Сегодня таджикскому режиссеру Барзу Абдураззакову исполнилось 56 лет. Мы решили вспомнить самые яркие высказывания нашего режиссера, которые звучали в его интервью.
«Где бы я ни был и где бы ни ставил свои спектакли, я всегда работаю для своих».
«Я верю в судьбу, верю, что для каждого из нас она уже выписана небом, но от нас кое-что зависит».
«Никогда я не лез в политику. Но у меня есть конституционное право иметь собственное мнение о чем угодно. Понятие политики у них – это просто «не критикуй власть». Делай все, что угодно, но не говори о том, что у нас что-то плохо. А это не политика, это безобразие».
«Знаете, что самое страшное? Это когда подчинение закону считается преступлением».
«Чтобы мне остаться здесь (в Таджикистане, –
прим. ред.
), мне нужно было бы отказаться от мировой классики и ставить то, что устраивало бы цензуру, а я не занимаюсь негигиеничной литературой. Они считают, что Шекспир написал против них, Мольер — против них, Вольтер — против, Гоголь — против, даже Айни написал против них».
«Система не победила, она не может победить, она может убить. И даже тогда она не победит».
«Меня всегда убивали равнодушные люди. Я их всегда больше всего в жизни боялся».
«Насколько нация образованнее, настолько политически активна, и она будет требовать свои права. Тогда нация не будет рабом, не будет бояться гаишника, не будет бояться каждого мерзавца, который ни за что ни про что остановит его».
«Моё творческое достоинство мне дороже всего остального».
«Мы дети большой мачехи. Мы оказались для своей страны приемными детьми».
«Таджикистан был (в советское время, –
прим. ред.
) мощной театральной империей. Мощнейшей! Не постесняюсь этого слова. Обилие режиссеров, артистов, художников, композиторов. Вы понимаете? Сейчас говорить об этом стыдно. Потому что ничего не осталось: кто-то спился, кто-то уехал, кто-то умер, кто-то деградировал. Никого не осталось».
«Страна в иллюзии! Нам лгут и ничего не боятся. Как я мог себе позволить, чтобы ко мне так относились?!»
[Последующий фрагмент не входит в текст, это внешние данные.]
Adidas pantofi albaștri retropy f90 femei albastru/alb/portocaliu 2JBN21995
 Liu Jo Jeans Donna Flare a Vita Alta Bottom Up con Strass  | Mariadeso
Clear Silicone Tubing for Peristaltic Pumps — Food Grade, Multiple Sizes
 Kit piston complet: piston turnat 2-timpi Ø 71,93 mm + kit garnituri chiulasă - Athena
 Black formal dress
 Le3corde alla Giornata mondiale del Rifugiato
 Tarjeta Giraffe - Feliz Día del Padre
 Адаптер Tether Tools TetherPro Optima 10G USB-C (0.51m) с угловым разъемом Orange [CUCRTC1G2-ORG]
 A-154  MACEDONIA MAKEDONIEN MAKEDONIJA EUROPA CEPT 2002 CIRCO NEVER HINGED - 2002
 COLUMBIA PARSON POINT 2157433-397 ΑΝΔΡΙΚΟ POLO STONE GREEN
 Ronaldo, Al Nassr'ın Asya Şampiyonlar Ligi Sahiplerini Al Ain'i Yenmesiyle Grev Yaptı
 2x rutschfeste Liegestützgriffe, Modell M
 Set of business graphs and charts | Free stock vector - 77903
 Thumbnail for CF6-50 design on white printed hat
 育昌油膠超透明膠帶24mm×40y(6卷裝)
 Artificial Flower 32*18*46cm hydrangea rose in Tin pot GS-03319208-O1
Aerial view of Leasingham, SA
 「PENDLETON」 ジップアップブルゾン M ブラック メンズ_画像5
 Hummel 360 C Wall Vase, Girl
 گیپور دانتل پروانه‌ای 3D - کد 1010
«Они предали само имя интеллигента, они девальвировали его. Кроме чувства брезгливости они ничего у меня не вызывают».
«У нас нет профессора Преображенского, у нас нет ни перед кем стыда, у нас нет Дмитрия Лихачева. Дмитрия Лихачева называли совестью русского народа. Покажите мне человека, которого можно назвать совестью таджикского народа»
«Мне кажется, сейчас моя страна заболела тотальным равнодушием, начиная от интеллигента, заканчивая продавцом «Корвона». Всем всё по фигу».
«Я жил прямо над «Лакомкой» (в Душанбе в 70-е годы, –
прим. ред.
), и под моим балконом собирались байкеры – садились на траву, обсуждали произведения Солженицына».
«Это был потрясающий город, ты шел по городу и вокруг: личность, личность, личность… Вон пошла Малика Сабирова, вон Барно Исхакова, вон Махмуд Вахидов… Они были нашими кумирами».
«Когда из Душанбе уезжал мой друг – иранский режиссер Махмальбаф, я спросил его: «Почему ты уезжаешь?» — и он ответил: «Потому что в твоем городе нет энергетики». И я с ним абсолютно согласен, энергетика города пропала».
«Когда ты делаешь шаг назад, твое место занимают они. Такие, как ты, смотрят на твой поступок и тоже делают шаг назад. И их место тоже занимают они. Вы проиграли свою страну, потому что такие, как ты, отступили и тем открыли путь недостойным. Потому проиграл ты … Потому вы проиграли!»
«Театр в Таджикистане сейчас – это такая же фабрика «Богатырь», которую все забыли, которая производит никому не нужные ботинки».